_Work to complete_
Pictures stay out of the output. Return exactly the lines below from the one with "Grammys 20074" down to the one with "Warhammer Age of", both included, and nothing more.

_Data for processing_

= = = =

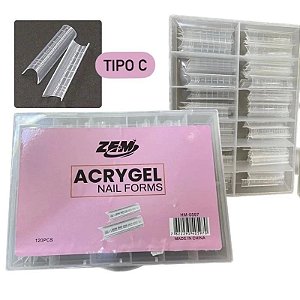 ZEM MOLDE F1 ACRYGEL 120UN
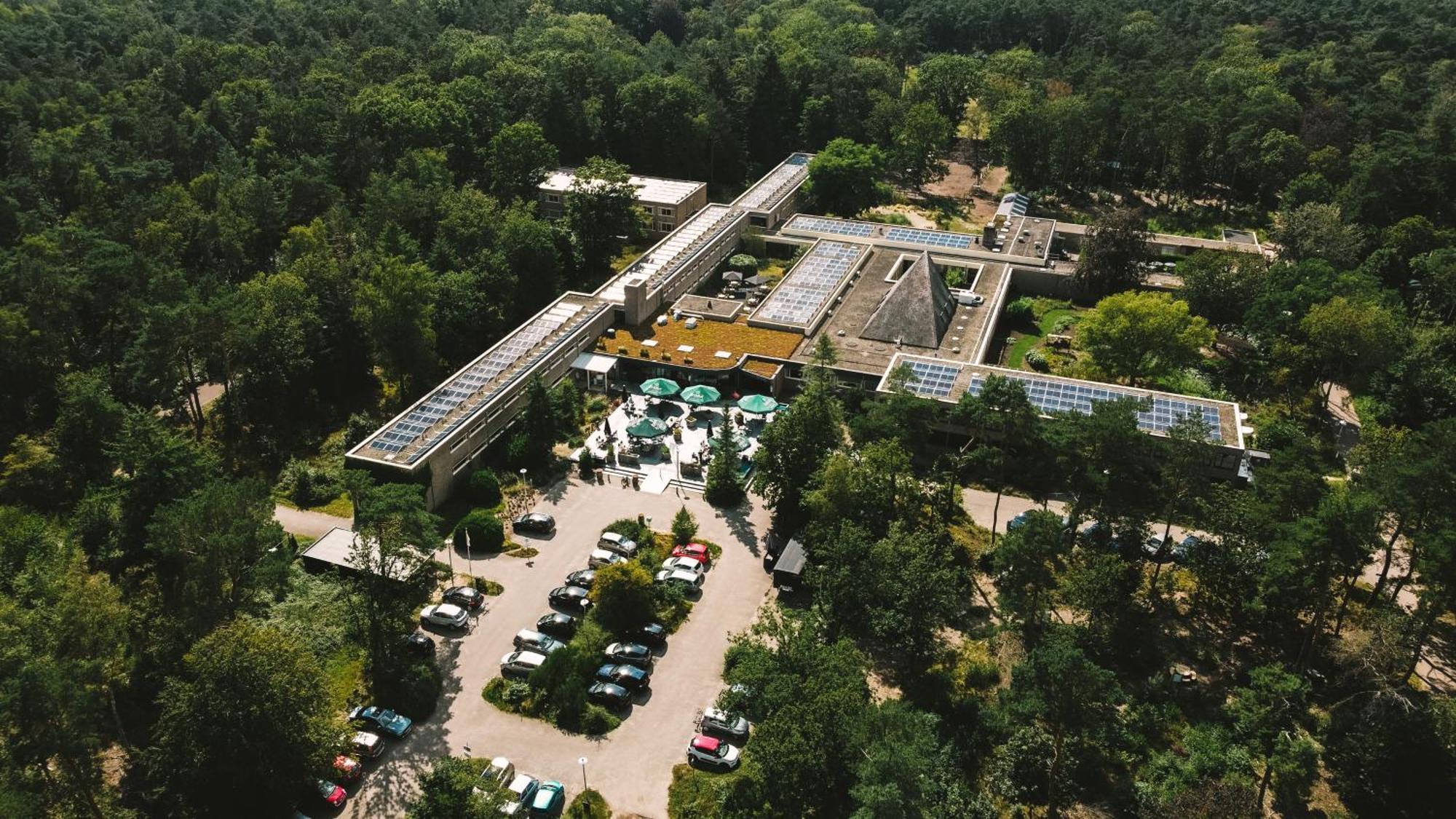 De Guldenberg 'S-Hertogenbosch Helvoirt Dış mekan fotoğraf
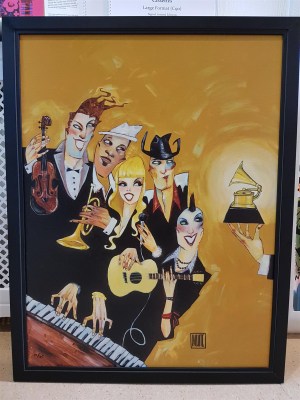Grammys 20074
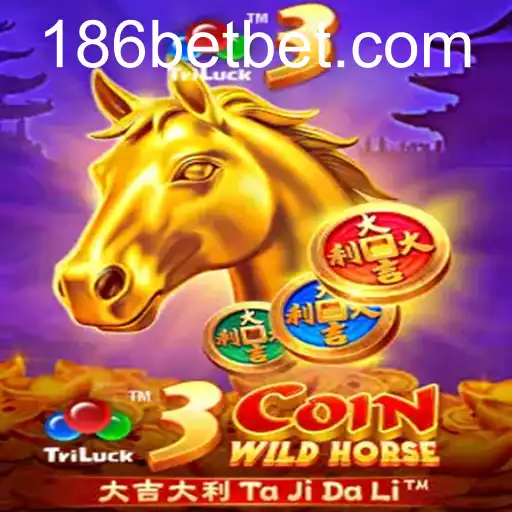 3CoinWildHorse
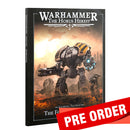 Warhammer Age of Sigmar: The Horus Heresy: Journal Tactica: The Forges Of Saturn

= = = =

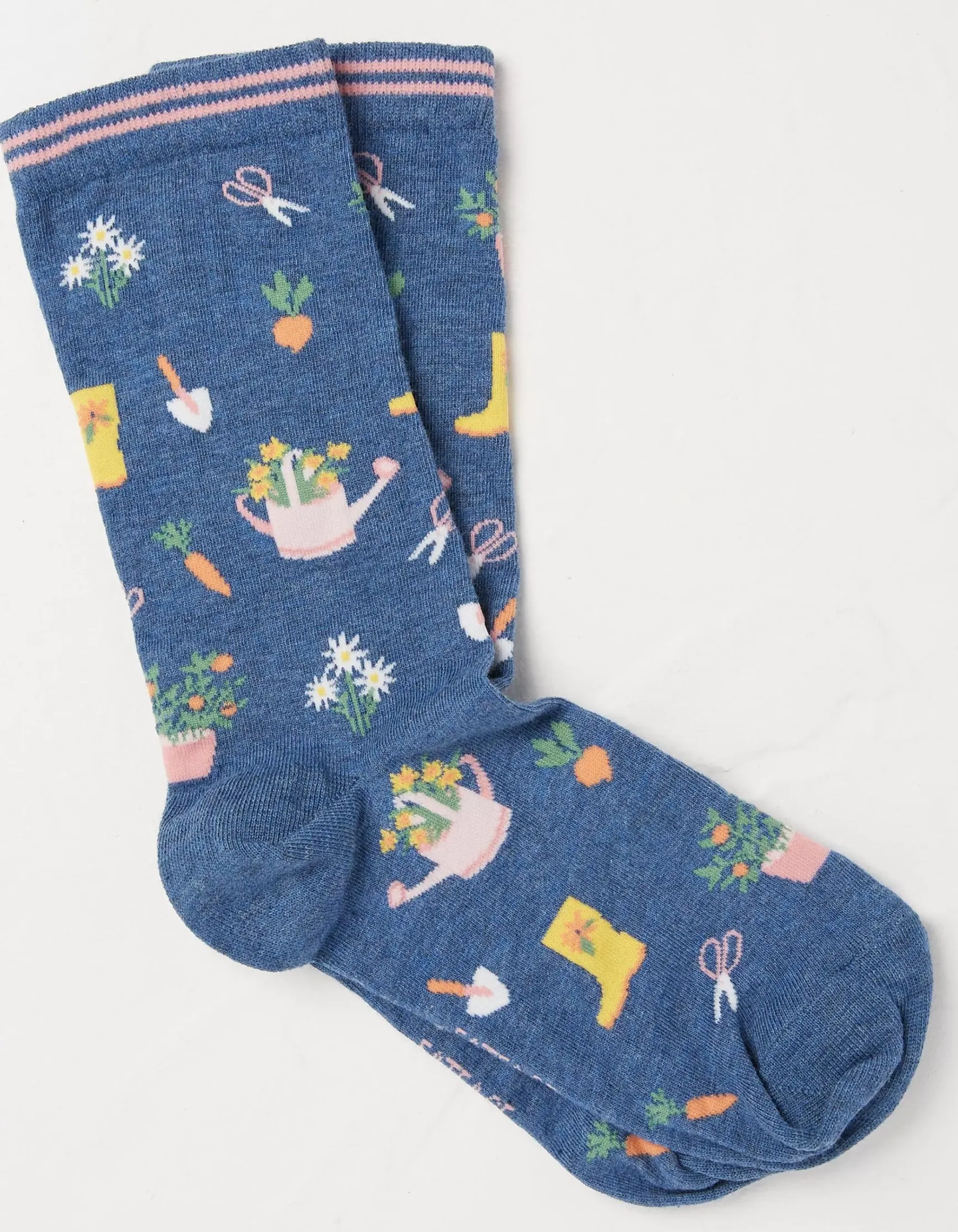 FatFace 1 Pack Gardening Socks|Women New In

= = = =

_Solution_
Grammys 20074
 3CoinWildHorse
 Warhammer Age of Sigmar: The Horus Heresy: Journal Tactica: The Forges Of Saturn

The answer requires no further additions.